'''

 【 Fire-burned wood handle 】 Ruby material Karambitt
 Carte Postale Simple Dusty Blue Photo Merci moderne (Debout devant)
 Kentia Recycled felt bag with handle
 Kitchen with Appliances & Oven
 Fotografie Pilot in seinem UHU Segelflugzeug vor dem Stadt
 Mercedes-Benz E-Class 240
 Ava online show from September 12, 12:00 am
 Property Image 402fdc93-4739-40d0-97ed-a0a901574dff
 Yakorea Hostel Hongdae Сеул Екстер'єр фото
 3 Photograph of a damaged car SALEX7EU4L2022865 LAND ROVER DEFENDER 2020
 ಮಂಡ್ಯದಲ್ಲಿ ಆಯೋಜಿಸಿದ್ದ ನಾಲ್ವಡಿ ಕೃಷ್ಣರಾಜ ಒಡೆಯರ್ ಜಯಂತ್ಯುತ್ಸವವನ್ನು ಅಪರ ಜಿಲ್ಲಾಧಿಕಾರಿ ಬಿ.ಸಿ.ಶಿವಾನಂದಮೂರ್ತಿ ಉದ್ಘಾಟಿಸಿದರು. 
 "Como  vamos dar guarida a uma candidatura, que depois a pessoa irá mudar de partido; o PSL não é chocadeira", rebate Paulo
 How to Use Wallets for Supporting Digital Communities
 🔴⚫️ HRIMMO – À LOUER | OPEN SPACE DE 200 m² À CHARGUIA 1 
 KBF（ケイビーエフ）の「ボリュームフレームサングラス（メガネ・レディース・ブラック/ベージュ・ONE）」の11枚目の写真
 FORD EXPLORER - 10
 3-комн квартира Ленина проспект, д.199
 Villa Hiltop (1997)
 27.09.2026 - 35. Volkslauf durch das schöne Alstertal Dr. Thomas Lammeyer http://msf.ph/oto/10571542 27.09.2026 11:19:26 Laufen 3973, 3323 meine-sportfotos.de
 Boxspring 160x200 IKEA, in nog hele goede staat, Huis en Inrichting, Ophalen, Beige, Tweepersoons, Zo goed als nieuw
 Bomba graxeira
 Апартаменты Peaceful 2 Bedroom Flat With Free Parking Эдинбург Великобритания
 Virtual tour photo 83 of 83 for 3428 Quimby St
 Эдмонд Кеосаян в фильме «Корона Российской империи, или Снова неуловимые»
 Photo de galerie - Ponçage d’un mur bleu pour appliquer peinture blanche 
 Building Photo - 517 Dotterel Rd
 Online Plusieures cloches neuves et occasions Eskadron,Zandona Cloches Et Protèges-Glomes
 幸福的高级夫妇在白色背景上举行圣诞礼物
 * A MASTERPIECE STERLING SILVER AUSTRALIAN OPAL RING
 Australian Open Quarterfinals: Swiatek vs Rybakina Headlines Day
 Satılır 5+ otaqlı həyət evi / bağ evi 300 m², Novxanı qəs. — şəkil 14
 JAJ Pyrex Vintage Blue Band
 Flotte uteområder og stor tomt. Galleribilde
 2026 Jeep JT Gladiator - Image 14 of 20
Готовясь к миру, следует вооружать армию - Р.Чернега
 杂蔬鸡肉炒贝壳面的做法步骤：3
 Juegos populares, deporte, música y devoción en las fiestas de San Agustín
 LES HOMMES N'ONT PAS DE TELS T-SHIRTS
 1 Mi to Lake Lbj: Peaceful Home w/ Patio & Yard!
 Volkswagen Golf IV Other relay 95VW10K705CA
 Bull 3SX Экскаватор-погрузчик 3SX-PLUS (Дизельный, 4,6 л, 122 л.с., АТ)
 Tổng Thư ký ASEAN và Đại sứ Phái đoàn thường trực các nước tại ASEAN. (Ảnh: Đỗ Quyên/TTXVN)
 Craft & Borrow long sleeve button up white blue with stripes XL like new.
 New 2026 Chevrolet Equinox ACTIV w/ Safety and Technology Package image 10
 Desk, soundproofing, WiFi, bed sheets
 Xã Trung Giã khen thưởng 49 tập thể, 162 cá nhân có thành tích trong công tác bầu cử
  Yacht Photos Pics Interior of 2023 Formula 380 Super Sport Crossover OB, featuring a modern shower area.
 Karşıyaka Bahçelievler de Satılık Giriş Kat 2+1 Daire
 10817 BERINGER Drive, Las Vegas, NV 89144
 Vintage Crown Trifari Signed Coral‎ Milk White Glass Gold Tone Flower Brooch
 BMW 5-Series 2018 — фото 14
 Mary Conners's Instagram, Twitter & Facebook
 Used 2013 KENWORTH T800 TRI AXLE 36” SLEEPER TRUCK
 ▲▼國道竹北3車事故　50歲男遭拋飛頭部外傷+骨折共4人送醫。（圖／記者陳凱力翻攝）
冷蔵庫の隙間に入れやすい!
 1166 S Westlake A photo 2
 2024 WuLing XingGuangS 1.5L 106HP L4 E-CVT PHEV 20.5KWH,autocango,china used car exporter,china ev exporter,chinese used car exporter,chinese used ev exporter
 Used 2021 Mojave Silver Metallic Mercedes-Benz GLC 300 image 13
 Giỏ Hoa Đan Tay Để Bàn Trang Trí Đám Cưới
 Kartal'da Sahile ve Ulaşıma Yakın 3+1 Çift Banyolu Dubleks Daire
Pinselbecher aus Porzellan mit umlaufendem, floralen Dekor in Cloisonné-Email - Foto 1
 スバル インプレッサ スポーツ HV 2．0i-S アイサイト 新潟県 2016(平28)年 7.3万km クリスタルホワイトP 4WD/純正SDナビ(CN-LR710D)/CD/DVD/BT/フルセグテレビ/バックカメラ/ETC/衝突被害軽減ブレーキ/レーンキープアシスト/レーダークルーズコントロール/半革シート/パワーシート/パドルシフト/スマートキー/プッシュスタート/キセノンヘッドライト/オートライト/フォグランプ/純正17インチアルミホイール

'''

EXERCISE -
Return the entries above exactly as they appear.

REPLY -
 【 Fire-burned wood handle 】 Ruby material Karambitt
 Carte Postale Simple Dusty Blue Photo Merci moderne (Debout devant)
 Kentia Recycled felt bag with handle
 Kitchen with Appliances & Oven
 Fotografie Pilot in seinem UHU Segelflugzeug vor dem Stadt
 Mercedes-Benz E-Class 240
 Ava online show from September 12, 12:00 am
 Property Image 402fdc93-4739-40d0-97ed-a0a901574dff
 Yakorea Hostel Hongdae Сеул Екстер'єр фото
 3 Photograph of a damaged car SALEX7EU4L2022865 LAND ROVER DEFENDER 2020
 ಮಂಡ್ಯದಲ್ಲಿ ಆಯೋಜಿಸಿದ್ದ ನಾಲ್ವಡಿ ಕೃಷ್ಣರಾಜ ಒಡೆಯರ್ ಜಯಂತ್ಯುತ್ಸವವನ್ನು ಅಪರ ಜಿಲ್ಲಾಧಿಕಾರಿ ಬಿ.ಸಿ.ಶಿವಾನಂದಮೂರ್ತಿ ಉದ್ಘಾಟಿಸಿದರು. 
 "Como  vamos dar guarida a uma candidatura, que depois a pessoa irá mudar de partido; o PSL não é chocadeira", rebate Paulo
 How to Use Wallets for Supporting Digital Communities
 🔴⚫️ HRIMMO – À LOUER | OPEN SPACE DE 200 m² À CHARGUIA 1 
 KBF（ケイビーエフ）の「ボリュームフレームサングラス（メガネ・レディース・ブラック/ベージュ・ONE）」の11枚目の写真
 FORD EXPLORER - 10
 3-комн квартира Ленина проспект, д.199
 Villa Hiltop (1997)
 27.09.2026 - 35. Volkslauf durch das schöne Alstertal Dr. Thomas Lammeyer http://msf.ph/oto/10571542 27.09.2026 11:19:26 Laufen 3973, 3323 meine-sportfotos.de
 Boxspring 160x200 IKEA, in nog hele goede staat, Huis en Inrichting, Ophalen, Beige, Tweepersoons, Zo goed als nieuw
 Bomba graxeira
 Апартаменты Peaceful 2 Bedroom Flat With Free Parking Эдинбург Великобритания
 Virtual tour photo 83 of 83 for 3428 Quimby St
 Эдмонд Кеосаян в фильме «Корона Российской империи, или Снова неуловимые»
 Photo de galerie - Ponçage d’un mur bleu pour appliquer peinture blanche 
 Building Photo - 517 Dotterel Rd
 Online Plusieures cloches neuves et occasions Eskadron,Zandona Cloches Et Protèges-Glomes
 幸福的高级夫妇在白色背景上举行圣诞礼物
 * A MASTERPIECE STERLING SILVER AUSTRALIAN OPAL RING
 Australian Open Quarterfinals: Swiatek vs Rybakina Headlines Day
 Satılır 5+ otaqlı həyət evi / bağ evi 300 m², Novxanı qəs. — şəkil 14
 JAJ Pyrex Vintage Blue Band
 Flotte uteområder og stor tomt. Galleribilde
 2026 Jeep JT Gladiator - Image 14 of 20
Готовясь к миру, следует вооружать армию - Р.Чернега
 杂蔬鸡肉炒贝壳面的做法步骤：3
 Juegos populares, deporte, música y devoción en las fiestas de San Agustín
 LES HOMMES N'ONT PAS DE TELS T-SHIRTS
 1 Mi to Lake Lbj: Peaceful Home w/ Patio & Yard!
 Volkswagen Golf IV Other relay 95VW10K705CA
 Bull 3SX Экскаватор-погрузчик 3SX-PLUS (Дизельный, 4,6 л, 122 л.с., АТ)
 Tổng Thư ký ASEAN và Đại sứ Phái đoàn thường trực các nước tại ASEAN. (Ảnh: Đỗ Quyên/TTXVN)
 Craft & Borrow long sleeve button up white blue with stripes XL like new.
 New 2026 Chevrolet Equinox ACTIV w/ Safety and Technology Package image 10
 Desk, soundproofing, WiFi, bed sheets
 Xã Trung Giã khen thưởng 49 tập thể, 162 cá nhân có thành tích trong công tác bầu cử
  Yacht Photos Pics Interior of 2023 Formula 380 Super Sport Crossover OB, featuring a modern shower area.
 Karşıyaka Bahçelievler de Satılık Giriş Kat 2+1 Daire
 10817 BERINGER Drive, Las Vegas, NV 89144
 Vintage Crown Trifari Signed Coral‎ Milk White Glass Gold Tone Flower Brooch
 BMW 5-Series 2018 — фото 14
 Mary Conners's Instagram, Twitter & Facebook
 Used 2013 KENWORTH T800 TRI AXLE 36” SLEEPER TRUCK
 ▲▼國道竹北3車事故　50歲男遭拋飛頭部外傷+骨折共4人送醫。（圖／記者陳凱力翻攝）
冷蔵庫の隙間に入れやすい!
 1166 S Westlake A photo 2
 2024 WuLing XingGuangS 1.5L 106HP L4 E-CVT PHEV 20.5KWH,autocango,china used car exporter,china ev exporter,chinese used car exporter,chinese used ev exporter
 Used 2021 Mojave Silver Metallic Mercedes-Benz GLC 300 image 13
 Giỏ Hoa Đan Tay Để Bàn Trang Trí Đám Cưới
 Kartal'da Sahile ve Ulaşıma Yakın 3+1 Çift Banyolu Dubleks Daire
Pinselbecher aus Porzellan mit umlaufendem, floralen Dekor in Cloisonné-Email - Foto 1
 スバル インプレッサ スポーツ HV 2．0i-S アイサイト 新潟県 2016(平28)年 7.3万km クリスタルホワイトP 4WD/純正SDナビ(CN-LR710D)/CD/DVD/BT/フルセグテレビ/バックカメラ/ETC/衝突被害軽減ブレーキ/レーンキープアシスト/レーダークルーズコントロール/半革シート/パワーシート/パドルシフト/スマートキー/プッシュスタート/キセノンヘッドライト/オートライト/フォグランプ/純正17インチアルミホイール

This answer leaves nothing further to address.